Live album by John Farnham
- Released: 30 September 2011 (Australia)
- Recorded: July 2011 at Chapel off Chapel
- Genres: Pop; rock;
- Label: Sony BMG
- Producer: Ross Fraser

John Farnham chronology
| Jack (2010) | The Acoustic Chapel Sessions (2011) | Two Strong Hearts Live (2015) |

= The Acoustic Chapel Sessions =

The Acoustic Chapel Sessions is an album by Australian singer, John Farnham. It was released through Sony BMG, as a CD + DVD package in September 2011 and the album peaked at number 10 on the ARIA Charts.

The CD, recorded at Chapel off Chapel in July of that year, consists of eleven of Farnham's greatest hits reworked as stripped-back acoustic compositions. The DVD package includes eight of the songs ('Two Strong Hearts' being an alternate take) as well as interviews with John and the band, in addition to behind-the-scenes footage.

==Background==

The release of The Acoustic Chapel Sessions coincides with the 25th anniversary of Whispering Jack, Australia's highest-selling and most successful album ever.

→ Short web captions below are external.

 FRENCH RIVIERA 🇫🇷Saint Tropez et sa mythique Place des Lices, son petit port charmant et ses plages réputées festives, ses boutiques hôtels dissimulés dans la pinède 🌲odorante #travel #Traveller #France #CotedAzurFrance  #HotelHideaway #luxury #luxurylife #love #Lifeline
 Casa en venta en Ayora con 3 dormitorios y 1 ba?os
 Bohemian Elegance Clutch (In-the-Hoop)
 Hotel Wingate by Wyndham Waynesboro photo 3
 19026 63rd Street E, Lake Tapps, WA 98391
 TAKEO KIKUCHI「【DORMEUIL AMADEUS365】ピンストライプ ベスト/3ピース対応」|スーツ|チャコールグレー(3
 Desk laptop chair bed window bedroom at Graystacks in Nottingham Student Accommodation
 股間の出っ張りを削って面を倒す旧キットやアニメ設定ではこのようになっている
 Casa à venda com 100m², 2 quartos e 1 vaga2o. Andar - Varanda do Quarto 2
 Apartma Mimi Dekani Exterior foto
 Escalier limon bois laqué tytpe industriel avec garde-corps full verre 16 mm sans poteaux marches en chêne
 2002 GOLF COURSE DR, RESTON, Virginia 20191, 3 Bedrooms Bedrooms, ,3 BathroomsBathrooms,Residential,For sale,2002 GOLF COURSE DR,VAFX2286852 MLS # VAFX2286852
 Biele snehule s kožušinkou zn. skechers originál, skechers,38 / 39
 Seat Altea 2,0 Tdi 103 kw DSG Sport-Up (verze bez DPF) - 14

John Farnham explained, "We wanted to rework some of the songs that we have been doing on stage for the last 25 years. It's always difficult to rework something that people are very used to, having said that we have had a lot of fun doing it'. Farnham's manager, Glenn Wheatley, added, "This recording has just given me goose bumps; it's amazing seeing the songs stripped right back and all acoustic. I wonder why we didn't think about doing this earlier".

==Tour and promotion==

Farnham toured the album nationally in October and November 2011 in intimate venues with smaller audiences than his large stadium shows. Patrick McDonald of Adelaide Now said of the tour, "Magic was the right word. For all the flack he cops about endless comebacks, it would truly be a crime if 'The Voice' was ever silenced."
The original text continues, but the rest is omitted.